Baseball, Bushido-style

h1 August 13th, 2006 by eisha

Samurai ShortstopI’m nervous about writing about Samurai Shortstop by Alan Gratz for the same reason I was nervous about reading it – I know the author. Many years ago, Alan and I did time together in the same theatre company, and even though I haven’t seen him in far too long, I still consider him a friend and would have felt really, truly awful if I’d read his very first published novel and didn’t like it. But rest assured, Dear Reader; I would never let a little thing like friendship compromise the integrity of my book recommendations. Believe me when I tell you that my fears were unfounded: the book totally ROCKS.

It opens with a scene that pretty much grabs you by the jugular: It’s 1890, Tokyo, and 15-year-old Toyo and his father Sotaro are assisting in the seppuku (ritual suicide) of Toyo’s beloved Uncle Koji. Koji is a former samurai who has decided he cannot live in the newly-created Meiji-era Japan, in which samurai and other relics of Japan’s feudal system have been abolished. After Sotaro has beheaded his brother’s body, he checks to make sure Toyo was paying close attention, because “Soon you will do the same for me.”
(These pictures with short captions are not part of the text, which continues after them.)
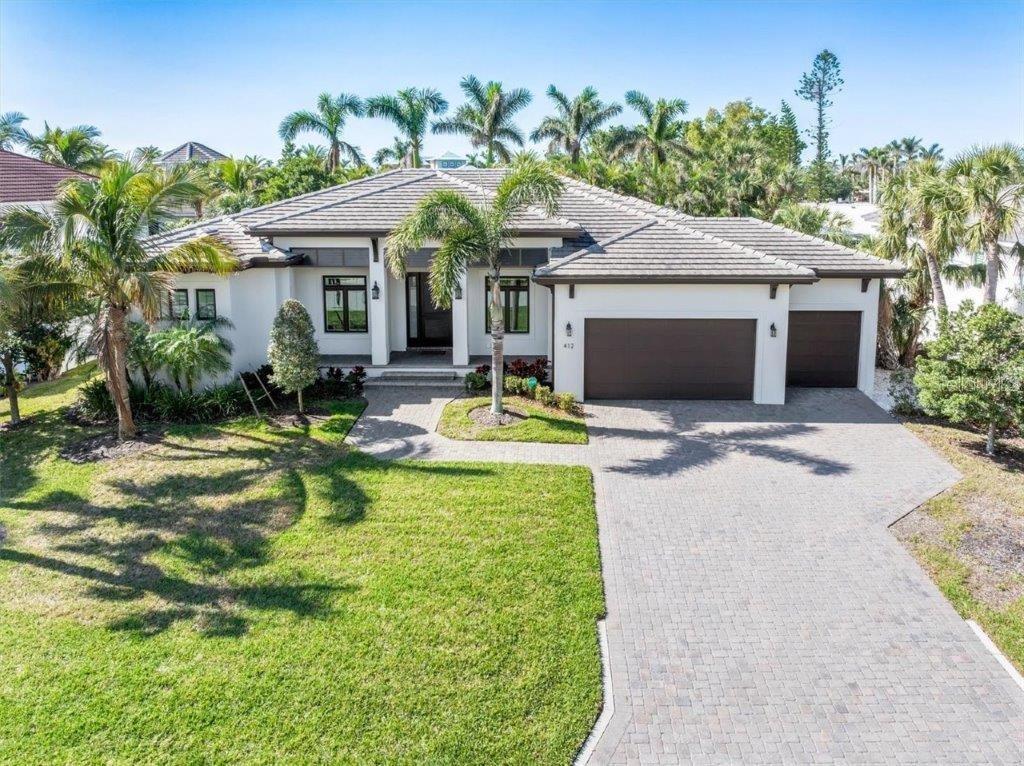 Under contract-accepting backup offers. Stunning value for newer build Garden Home on Bird Key! Welcome to Bird Key, Sarasota’s premier island neighborhood perfectly nestled between the heartbeat of downtown Sarasota and the allure of St. Armands Circle. This newer custom-built residence combines elevated design with impact-rated windows as well as newer construction and thoughtful upgrades throughout. Step inside and be captivated by the open great room, which features wide-plank hardwood flooring, tray ceilings with wood beams, custom wall treatments, and automated blinds. The chef’s kitchen is crafted with quartz counters, Bosch stainless steel appliances, a center island with bar seating, walk-in pantry, and a beautifully tiled backsplash.

The primary suite is a private sanctuary with direct pool access, dual custom walk-in closets, and a spa-inspired bath with a free-standing soaking tub and dual-entry shower. Guests are treated to two additional stylish en-suite bedrooms, while the versatile fourth bedroom is currently used as a office.

Enjoy entertaining in the lush outdoor backyard space, which includes a heated saltwater pool and spa with LED lighting, pavered deck, wood-accent ceiling, and a full summer kitchen with refrigeration and a plumbed-in gas grill. Additional features include a concrete tile roof, tankless gas water heater, irrigation system, custom exterior trim work, and a 3-car garage. Lightly lived in as a seasonal retreat, this home is available with an optional furniture package for effortless move-in.

Bird Key living comes with the option to join the Bird Key Yacht Club for an additional fee.  The club is currently being rebuilt into a beautiful state-of-the-art facility — just moments from your doorstep.

This is more than a home – it’s the Bird Key lifestyle. Schedule your private showing today and claim your place in one of Sarasota’s most coveted addresses.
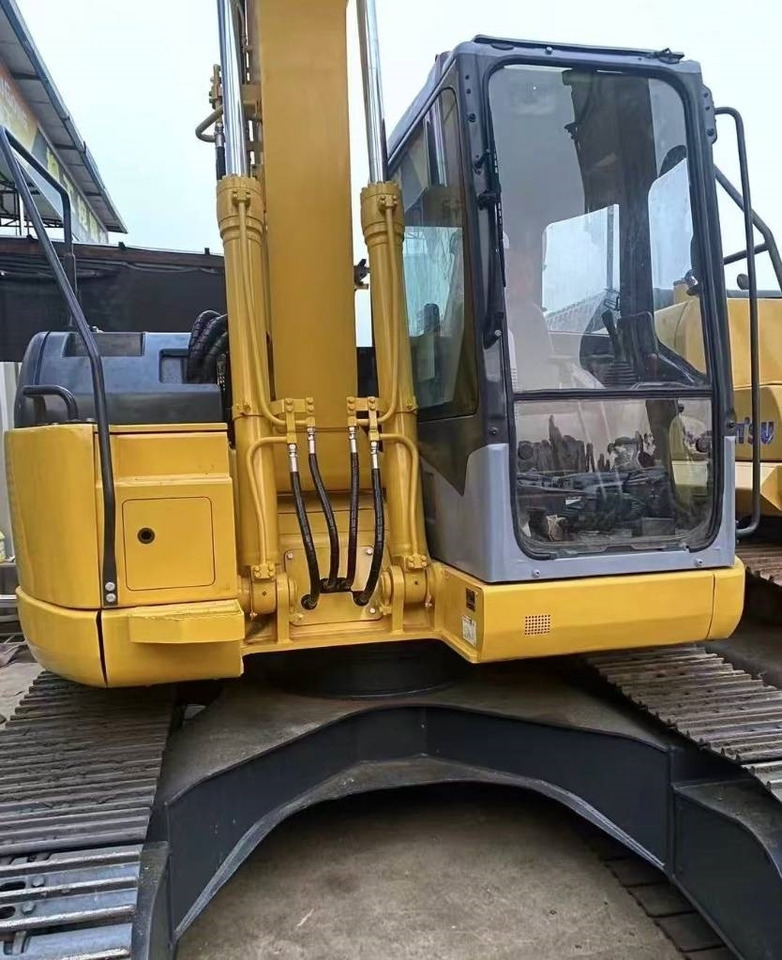 Ekskavator perayap Komatsu 128 US: gambar 9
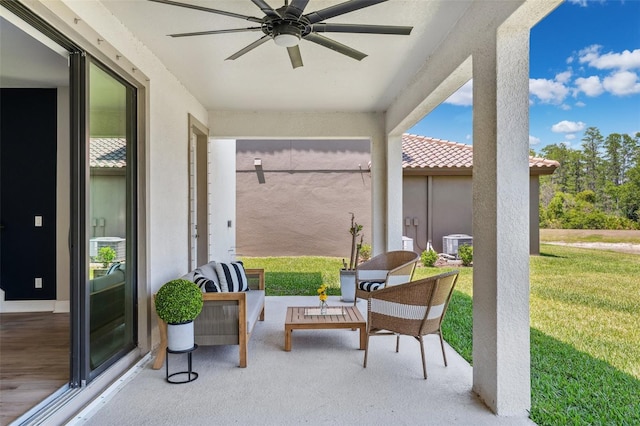 view of patio / terrace featuring ceiling fan and central AC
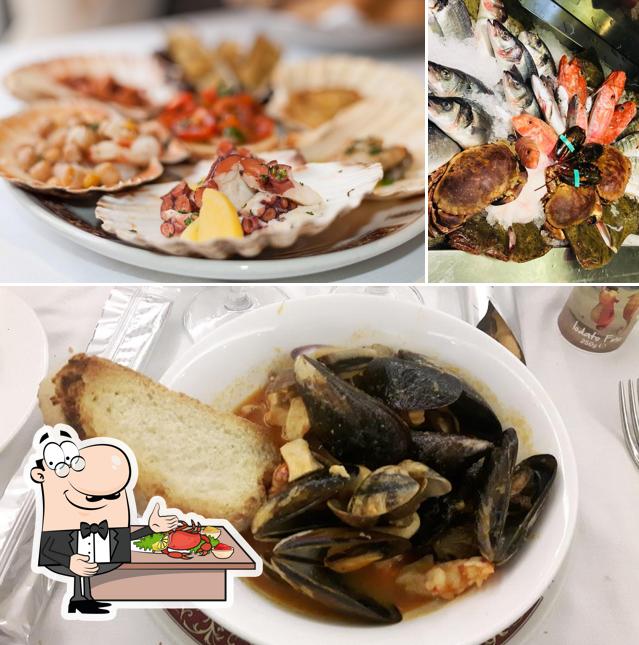Попробуйте блюда с морепродуктами в "Ristorante Da Gino Il Bonaparte"
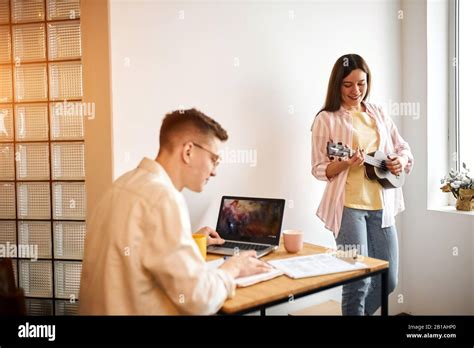 Smiling Awesome Talented Brunette Girl Is Disturbing Her Boyfriend Who Is Preparing For Exams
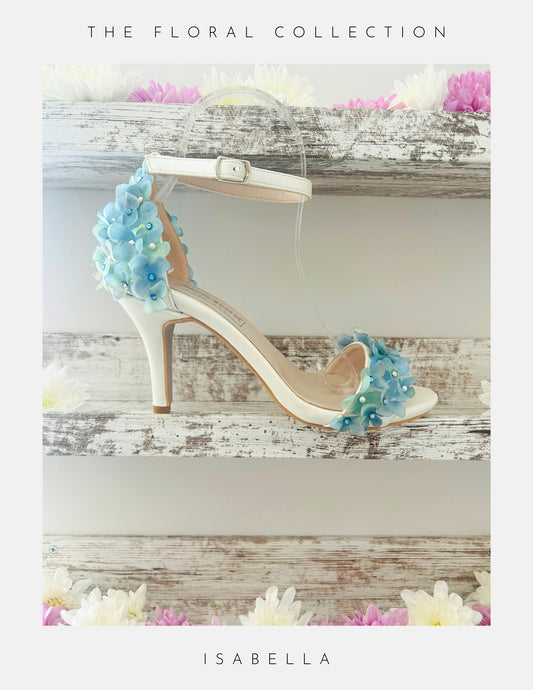 Ivory bridal sandal with floral decorations on a wooden surface, labelled 'The Floral Collection' and 'Isabella'.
The next day is Toyo’s first day at an elite boarding school for boys, Ichiko. Here Toyo and his sidekicky best friend Futoshi endure a lot of the brutality and bullying that tends to show up in books about boys’ schools – it’s pretty harsh, but thankfully the “ceremony of the closed fist” wasn’t what I was afraid it was going to be. Sotaro, in order to supplement the “modern” education he’s getting at school and better prepare Toyo for his father’s suicide, decides to train him in “bushido” – the samurai code of honor and conduct. The lessons go over Toyo’s head at first, but eventually he finds ways to apply what he learns in all aspects of his life – his sadness and bewilderment at his uncle’s death, his distance from his father and fear of Sotaro’s decision to die, conflicts with students and faculty… and BASEBALL.

Toyo, like many Japanese boys of the period, is passionate about the recently-imported American sport. When he finally makes the Ichiko team, he finds that his bushido training greatly improves his game – and that of his teammates, when he passes it on. The story builds to a climactic game between the Ichiko nine and a team of Americans from a local athletic club.
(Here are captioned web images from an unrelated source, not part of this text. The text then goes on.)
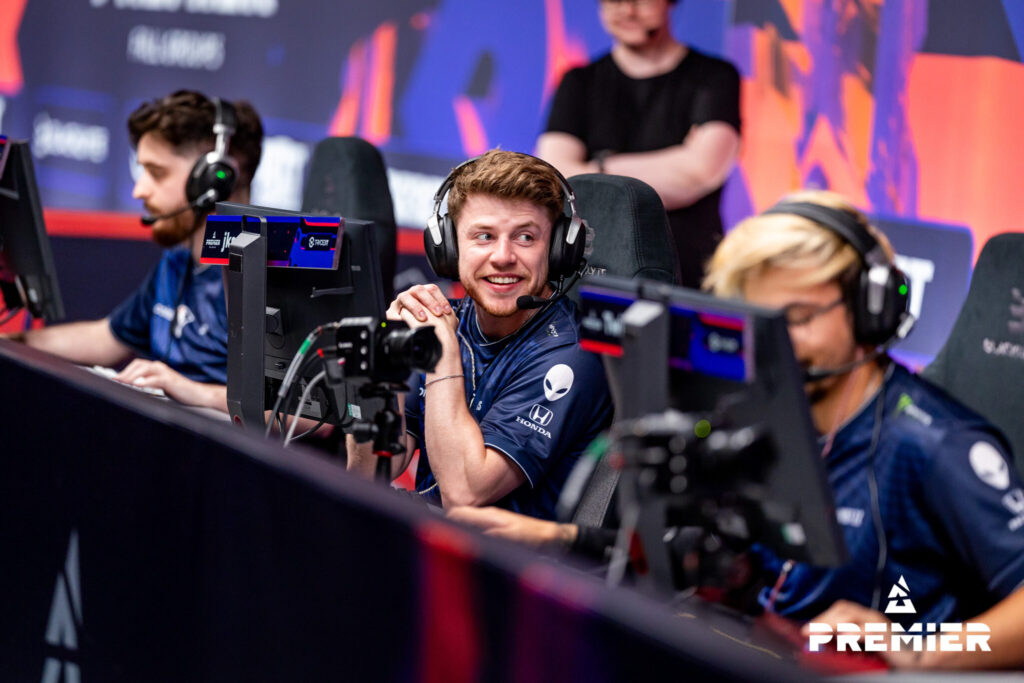 jks sits grinning after a won round at a BLAST CS2 tournament.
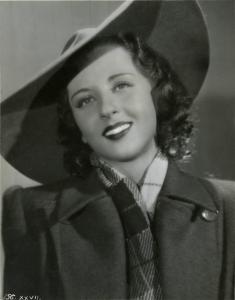 Scena del film "È caduta una donna" - Regia Alfredo Guarini, 1941 - Primo piano di Carla Martinelli con soprabito e cappello a tesa larga mentre guarda davanti a sé.
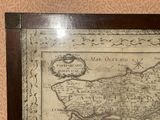 a picture of a framed map on the wall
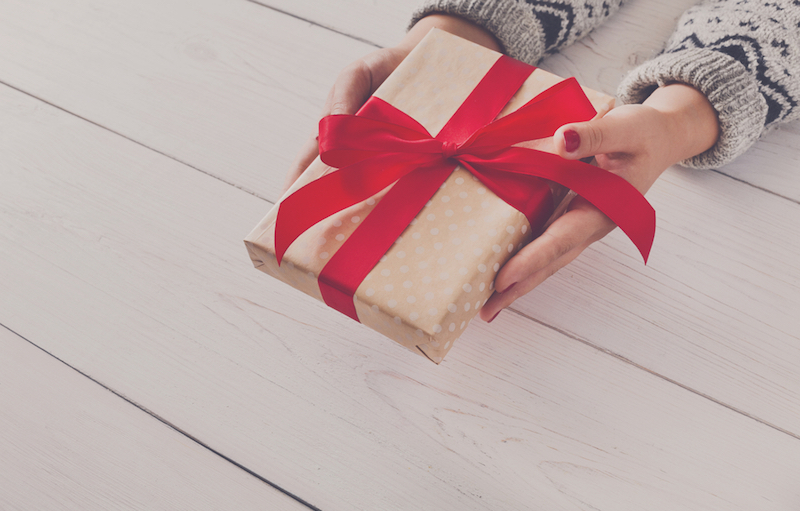 Woman's hands give wrapped christmas or other holiday handmade present in paper with red ribbon. Present box, decoration of gift on white wooden table with copy space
The baseball thing is the other reason I was a little afraid to read this book. I don’t usually read a lot of sports-themed YA books (or children’s, or adult) because – okay, I can admit it – I don’t really care for organized sports. I have been known to watch an occasional soccer game if a very cute boy is on the team, and I can kinda watch hockey because it goes so fast and stops so often you don’t have to even pay attention. So I wasn’t sure I’d be able to get through a book in which baseball played such a major role. But even though I did struggle through long, detailed descriptions of singles and doubles and balls that rocket into left field and whatever, I still enjoyed the book.
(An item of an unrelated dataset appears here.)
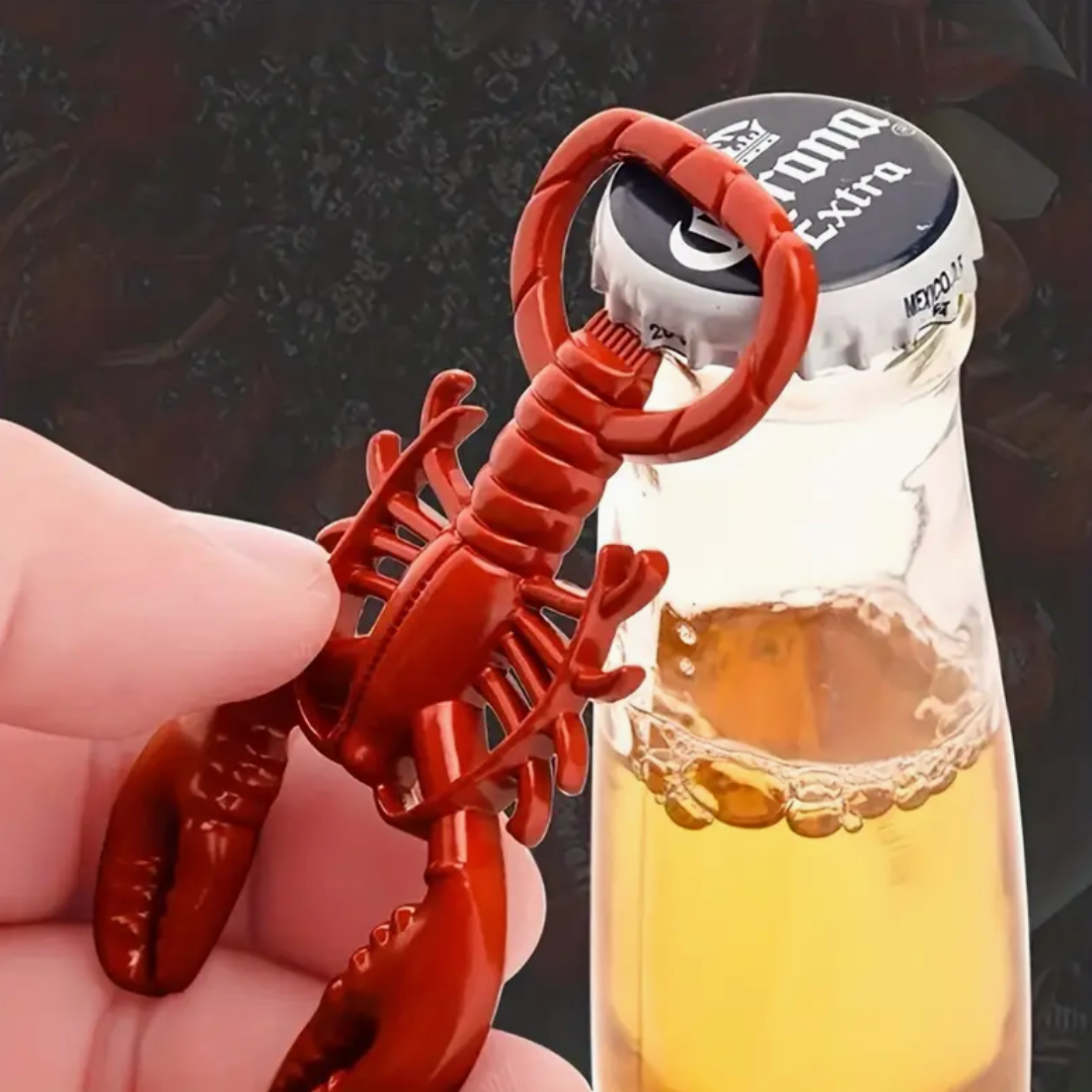 Red metal lobster bottle opener.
Two things set this novel apart from other sporty YA lit. First is the impeccable research that went into it – every scene is steeped in details that firmly ground it in the period, and the Author’s Notes at the end explain in detail the historical elements of the story, and there’s a bibliography to boot. Second is the excellent writing. Alan never wastes a word, and the narrative can turn on a dime from deeply poignant to hilarious. Toyo has a heavy role to play, but his voice never seems older than his age, and the dialogue and imagery of the sadder scenes are imbued with a simple grace that fits nicely with the theme. But for a historical novel that deals with suicide, hazing, and societal upheaval, there’s a surprising amount of humor. Alan even manages to slip in some sly, almost-anachronistic wit without it seeming awkward or intrusive:

Toyo and Futoshi paid the admission price and climbed up the trail that circled the huge landscaped hill. At the top, they stood on a little observation deck and looked out over Asakusa Park.

“I think I can see my house from here,” Futoshi said.

In short (well, too late for that, obviously), this is a very strong book, and a good fit for its intended audience. I look forward to many more such works from Mr. Gratz in the future.

p.s. Alan, the check bounced. Please send another.

6 comments to “Baseball, Bushido-style”

  1. Thanks, Eisha! Sorry about that check. It, um, ahem, must have been the bank’s fault.

    Still, I’m not sure I’ve gotten all we contracted for. Could you please remove the word “sidekicky,” and at least pretend to like baseball? I can prepare some baseball-fan dialogue for you to cut and paste if you like.

    Also, the cover scan could be larger.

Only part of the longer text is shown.